RE: verify HTTPS 'vulnerabilities'

From: Jarmon, Don R (Don.Jarmon@Intergraph.com)
Date: Thu Jul 21 2005 - 13:31:13 EDT


You might try Foundstone's SSLDigger (free) to help verify. It's provides a
detail report of actual ciphers used. IMHO: Nessus only identifies surface
blemishes with web apps.

Don Jarmon - CISSP
Sr.

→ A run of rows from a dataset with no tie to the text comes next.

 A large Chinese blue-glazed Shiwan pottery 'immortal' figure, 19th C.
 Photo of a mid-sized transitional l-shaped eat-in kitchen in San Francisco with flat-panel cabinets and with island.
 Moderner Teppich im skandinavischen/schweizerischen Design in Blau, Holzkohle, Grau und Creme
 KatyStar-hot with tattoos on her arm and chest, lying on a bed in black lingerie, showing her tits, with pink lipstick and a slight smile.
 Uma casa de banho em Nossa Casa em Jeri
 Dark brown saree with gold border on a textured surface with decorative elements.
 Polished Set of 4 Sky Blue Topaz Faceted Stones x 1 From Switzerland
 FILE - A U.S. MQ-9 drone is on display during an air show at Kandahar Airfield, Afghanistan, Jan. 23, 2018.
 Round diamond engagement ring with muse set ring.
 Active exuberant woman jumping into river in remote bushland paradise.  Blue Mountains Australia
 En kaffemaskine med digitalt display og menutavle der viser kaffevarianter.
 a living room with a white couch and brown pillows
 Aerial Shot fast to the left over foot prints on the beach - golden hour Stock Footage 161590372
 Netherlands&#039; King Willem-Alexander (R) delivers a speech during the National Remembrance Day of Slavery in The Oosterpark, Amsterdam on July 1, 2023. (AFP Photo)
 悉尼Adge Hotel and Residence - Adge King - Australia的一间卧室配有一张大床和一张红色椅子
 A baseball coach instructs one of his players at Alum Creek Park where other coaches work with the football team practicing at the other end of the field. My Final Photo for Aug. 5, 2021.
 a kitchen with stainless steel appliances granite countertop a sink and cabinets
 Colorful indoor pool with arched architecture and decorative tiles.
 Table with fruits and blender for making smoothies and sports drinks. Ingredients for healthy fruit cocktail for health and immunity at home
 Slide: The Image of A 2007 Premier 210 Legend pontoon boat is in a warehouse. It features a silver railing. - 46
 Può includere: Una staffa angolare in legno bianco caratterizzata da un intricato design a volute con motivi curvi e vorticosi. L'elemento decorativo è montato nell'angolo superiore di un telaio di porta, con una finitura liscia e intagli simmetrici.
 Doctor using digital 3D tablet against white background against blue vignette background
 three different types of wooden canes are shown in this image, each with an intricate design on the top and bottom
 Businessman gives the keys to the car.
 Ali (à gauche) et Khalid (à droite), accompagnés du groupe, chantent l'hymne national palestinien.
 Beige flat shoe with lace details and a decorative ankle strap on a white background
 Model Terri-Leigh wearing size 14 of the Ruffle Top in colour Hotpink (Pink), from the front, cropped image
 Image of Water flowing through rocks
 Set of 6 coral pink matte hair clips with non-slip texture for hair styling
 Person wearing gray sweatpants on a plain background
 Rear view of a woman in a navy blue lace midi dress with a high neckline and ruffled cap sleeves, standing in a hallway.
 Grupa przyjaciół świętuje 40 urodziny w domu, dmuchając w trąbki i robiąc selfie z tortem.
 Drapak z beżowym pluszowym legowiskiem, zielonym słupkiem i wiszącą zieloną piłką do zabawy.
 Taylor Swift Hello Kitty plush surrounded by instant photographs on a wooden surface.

Technical Consultant, Security Solutions
Security, Government & Infrastructure (SG&I) Division
Intergraph Corporation (NASDAQ:INGR)
Mail Stop 17C1
P.O. Box 6695, Huntsville, AL 35824 USA
Don.Jarmon(at)Intergraph.com, solutions.intergraph.com

-----Original Message-----
From: Dan Rogers [mailto:pentestguy@gmail.com]
Sent: Thursday, July 21, 2005 10:06 AM
To: pen-test@securityfocus.com
Subject: verify HTTPS 'vulnerabilities'

List,

Simple question:

I have a report from Nessus telling me that a web server is offering 'export
class' cyphers for it's SSL/TLS service. Nessus also managed to obtain an
internal IP address from the host (which is correct).
Only HTTPS is open.

However the target host requires basic authentication, and I don't have any
credentials to obtain access. I would like to verify these manually, and
would usually just use something like wfetch. However, I'm not getting the
usual prompt that my encryption is too weak.
Instead in the response I can see a message saying the page cannot be
displayed. There is also no sign of the internal IP address.

Can anyone tell me how they would prove that they are not false positives (I
know the IP address is correct, but the client may want to replicate the
vulnerability so they can be sure when they go to fix it)?